Reputation: 3580
I have two columns in a dataframe that has date and name. On a daily basis, I would like to count the number of records that enter and are deleted on a daily basis.
import numpy as np
import pandas as pd
df1 = pd.DataFrame({'Name': ['A', 'B', 'C', 'D','E']})
df1['Date'] = '2016-01-01'
df2 = pd.DataFrame({'Name': ['C', 'D','E','F']})
df2['Date'] = '2016-01-02'
df3 = pd.DataFrame({'Name': ['B', 'C', 'D','E','F']})
df3['Date'] = '2016-01-03'
df4 = pd.DataFrame({'Name': ['A', 'D', 'E','H']})
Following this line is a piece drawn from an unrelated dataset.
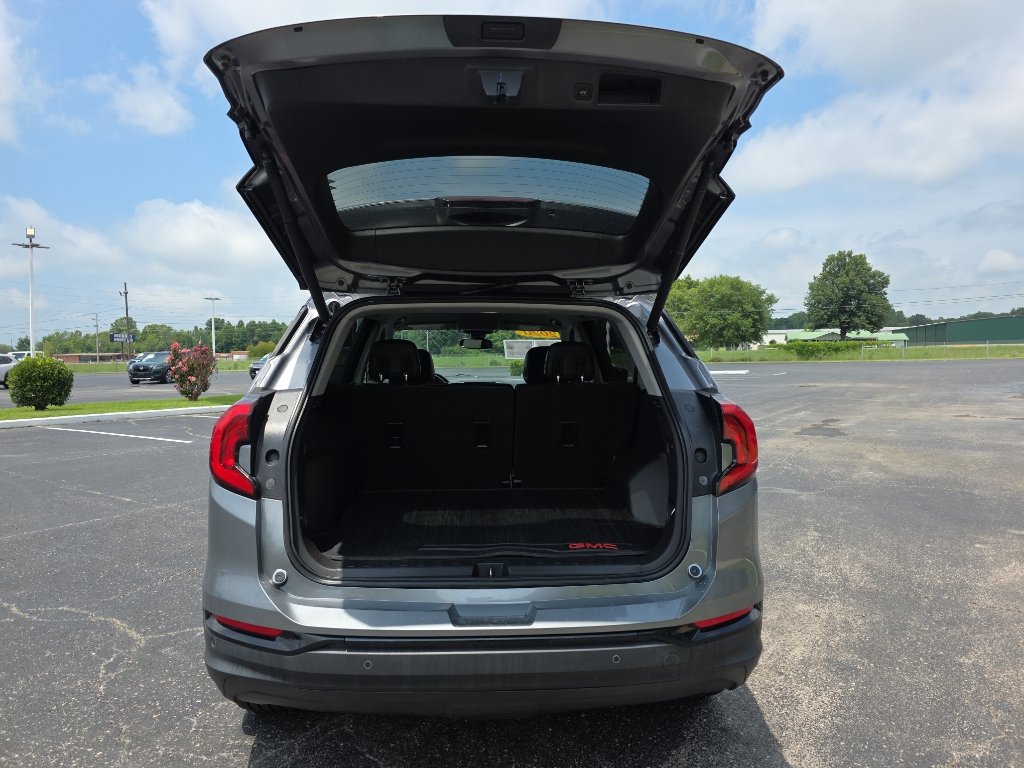Used 2020 GMC Terrain SLT w/ Preferred Package AWD/4WD image 12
df4['Date'] = '2016-01-04'
df=pd.concat([df1,df2,df3,df4])
df=df.reset_index(drop=True)
df
I would like an output that, for each date, counts the number of additions and subtractions by date. For example, on 2016-01-02, A and B are gone, but F is new, and 3 stayed the same. I would like the output to look like the following:
Date add del same
2016-01-02 1 2 3
I have tried to do a full outer join , then count the banks respectively, but that is sooooo inefficient!
Does anyone have any ideas of a more efficient way of doing this? Thank you so much!
Upvotes: 0
Views: 51
Reputation: 4744
I have an attempt but I cannot say whether it will be as fast or as stable as whatever your full outer join might be but it works with the example above.
Carrying from where you left off then,
df['Value'] = 1
df = df.set_index(['Date', 'Name']).unstack('Name').fillna(0)
df = (df - df.shift(1))
df = pd.DataFrame({i: j.value_counts() for i, j in df.iterrows()}).T.fillna(0)
df.columns = ['del', 'same', 'add']
print(df)
del same add
2016-01-01 0.0 0.0 0.0
2016-01-02 2.0 4.0 1.0
2016-01-03 0.0 6.0 1.0
2016-01-04 3.0 2.0 2.0
As you can see it is not beautiful, pythonic code. It depends upon the shift which means that the Date must be in order. You could use pd.to_datetime()
as an actual datetime to ensure that this happens.
It also used a dict comprehension that is then turned back into a DataFrame. Finally, it relies on the del, same and add columns being in that order. You could do an actual mapping as opposed to an overwrite.
I will be interested to know how this compares with the join in terms of speed. Do let us know and we can all learn something!
Upvotes: 1